Tuesday, October 15, 1889

7.15 P.M. Found W. in his room reading Scott. He made a reference to the books—"though the form in which they are produced is cheap in the extreme, the print is excellent—even superior—and I read it with the greatest ease, enjoyment." Asked me about the news. I said, "You sit here all day and read it, don't you? While we are out making it?" He laughed and said, "Hardly the reading—just these last days there's nothing to read. There are many things up, considered the things of the day, to which I give no attention at all. There is the Cronin trial: I never touch it—avoid, of set purpose: and so with many matters." Had he looked into the much-advertised Ebers novel running in Sunday's Press? "No—I very rarely read continued stories." Talking, though, quite fully, of Ebers. "He is a great Egyptian Nile man—of that sort—isn't he? I remember a book of his I came upon years ago,—grandly illustrated—superbly. I looked into that with a great deal of attention." He spoke of the book sheets I had left with him last evening. "I looked at them carefully. It seemed to me a wonderfully satisfactory piece of work all through—printing, all. I wrote the Doctor about it today." He picked the book up, remarked that "it must have been made up in peculiar forms"—etc, as Dave told me it had been—showing W.'s keen eye. I left with him a copy of the Whittier piece, as he had wished. "Yes—I may make some use of it."

Returned me the New England Magazine for October. Said, "I suppose, however, it is the German magazine which give us the best wood-engraving of the world? That has always been my impression." I had a little volume with me containing Socrates' "Phaedo." W. looked at it with admiration. "It is a book one would have to love"—handled it tenderly—"a heart-book and handy for the pocket—and such printing, too!" I said: "I shall never be set at rest till we have Leaves of Grass in such little volumes—Song of Myself in one—and so on." He asked, "Won't Miss Gould's book supply such a want?" And on my response, "I don't like it—I don't think it supplies any want," he laughed. "Well—have it your own way. I don't think that book a success myself."

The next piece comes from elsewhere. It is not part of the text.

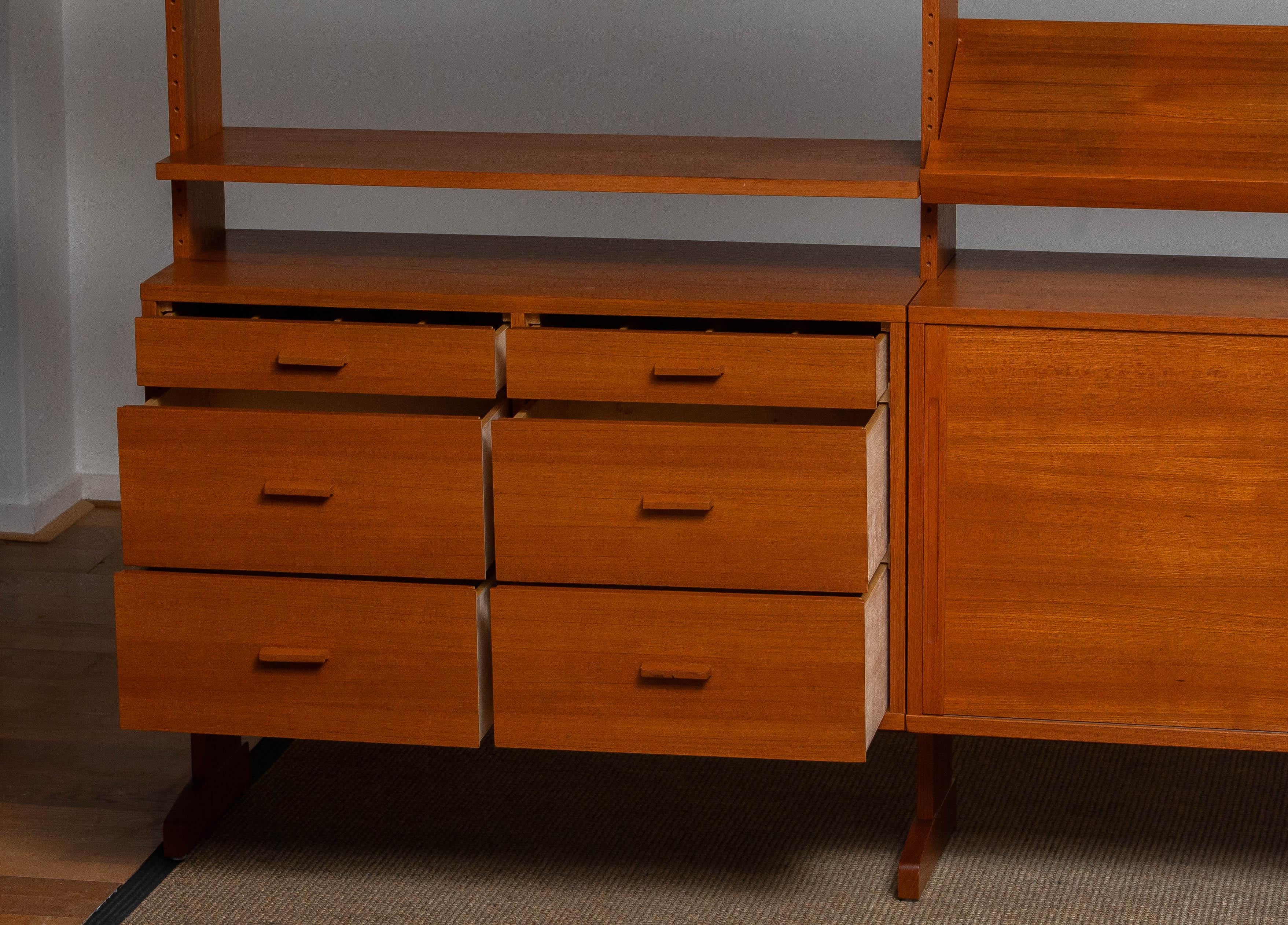 1950s Teak Bookcase/Shelf System Model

Asked me: "Did you see the news item in the papers, about the desecration of Emerson's tomb? It seems to me inexplicable, mysterious—I do not at all feel I can explain it, even to myself." "They evidently effected nothing—were frightened off." He spoke of the stone at the grave. "No—it is not very rare—but it is beautiful, a pure white—white as alum. Did you ever read that in the old days, sixty years or more ago, Elias Hicks was the rallying-point of such an incident? It was very like, it was in the very week that Hicks died. A party of men—I think artists,—dug him up—took a cast of the face. That was their purpose—not to vandalize but to get such an impression. Hicks was a widely-known man in those days—much argued about—the center of a great fight. A fight not only spiritual but over property. The Quakers were very rich, even then." "Oh! Hicks was famous in those times—I should say, more so than Tennyson, Gladstone, Whittier in our own time. But this cast, taken in such a way, came to nothing. There arose a quarrel among the men, in which the bust suffered entire destruction. I did not write of this in the November Boughs piece, but was always aware of it."

Has been putting a new poem together. Slips, with detached lines, pinned together into quite a bunch on the table. I gave Ed a letter to Gould about a new nurse. Hard to secure! W. said, when I asked him if he intended selling any of the Gutekunst pictures—I having a customer for one: "It never struck me to do it, but now it is mentioned I can respond by saying I will sell you one for your friend and autograph it for $2.50, though not wishing to make a habit of this. I wish most of the pictures myself, to give away."